Mete su nariz en mi cuello y me abraza como si fuera a desaparecer en cinco minutos.

—Siempre he amado tu olor—intento memorizar cada palabra dicha—. No quiero perder eso, Jay.

—Pase lo que pase, no lo harás. Podré estar mutilado por ti, pero seguiré regresando para asegurarme de que estás bien.

Sus ojos negros me persiguen, su nariz está carmesí y tiene una tenue hinchazón más arriba de los pómulos. Sus cejas oscuras se unen como siempre , es que tiene una forma peculiar de hacerlo. Sé que no conozco a Meg por completo, es un extraño cubo rubik que siempre armo y desarmo pero me he encargado de memorizar sus movimientos. La forma en que abre la boca al reír o como pega los talones cuando está tan feliz que no sabe expresarlo.

Quisiera poder detallarle cada cosa aprendida, destellos que se quedan en mi subconsciente cuando duermo.

—Y con respecto a mi olor—le digo—el tuyo también es bastante agradable. Siempre estoy oliéndote como psicópata.

La hago regalarme una tierna risa que no son muy comúnes en ella. La retengo un momento más en mis brazos.

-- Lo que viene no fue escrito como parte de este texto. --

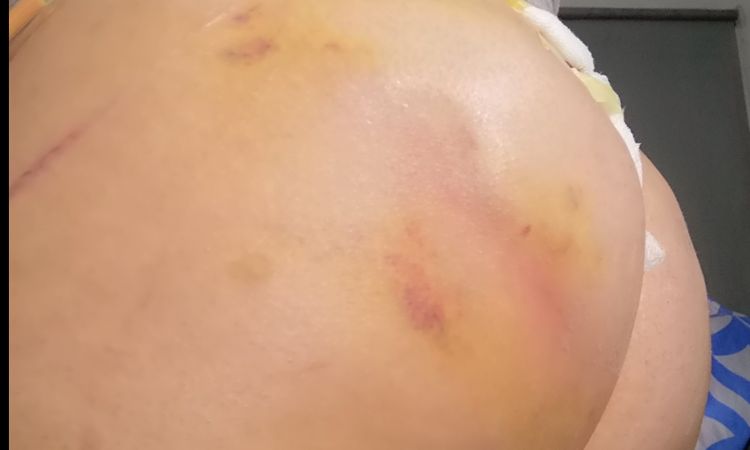 Me hice una glúteoplastia llevo 15 días pero un glúteo lo siento caliente - 16263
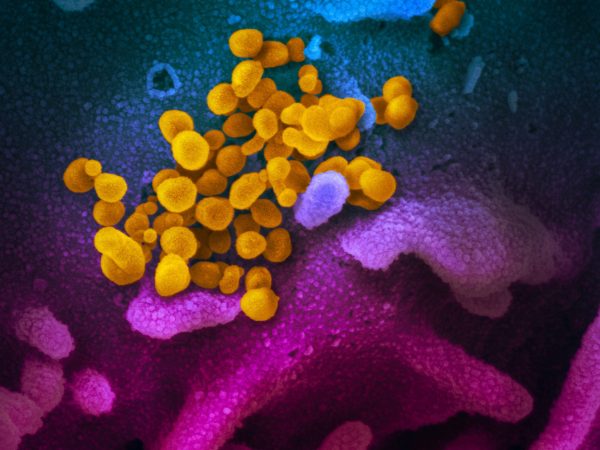 A microscopic image of yellow blobs in a purple background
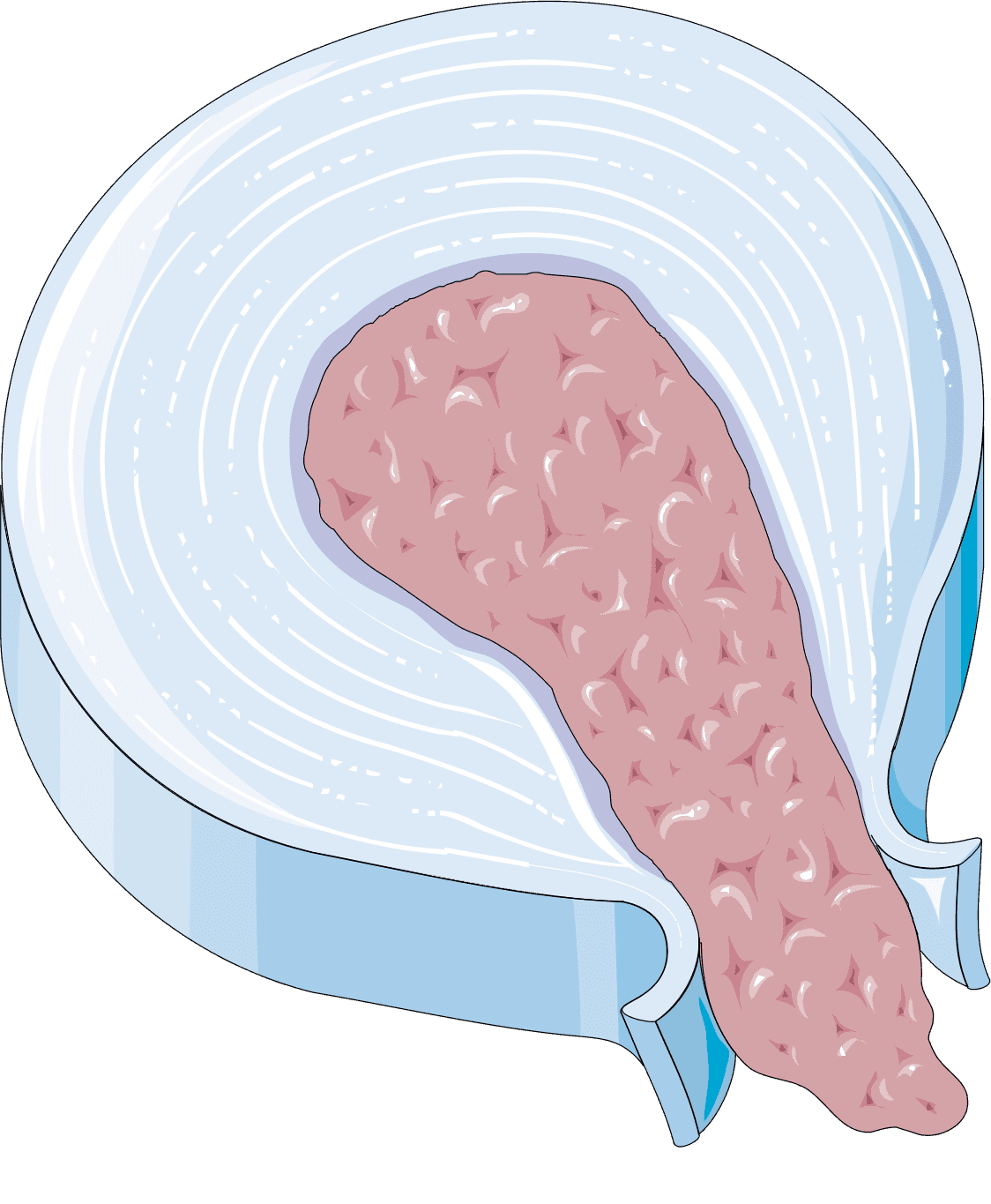 Illustration of a disc extrusion in the spine, showing protruding inner material.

—Te verías bien con barba cuando seas adulto—dice.

—¿Qué? ¿Por qué?

—No sé, nada más digo.

—Intentaré dejármela cuando a mi cuerpo se le antoje tener vellos parejos.

Sonríe. Se queda descansando sobre mi cuello. Muevo en balanceo las rodillas y siempre encuentro la forma de estar cómodo junto a ella. Mi respiración se va haciendo lenta junto la de ella, siento como relaja los músculos sobre mi. En mi poca cordura de despierto, pienso en lo extraño que es que Meg se duerma tan rápido.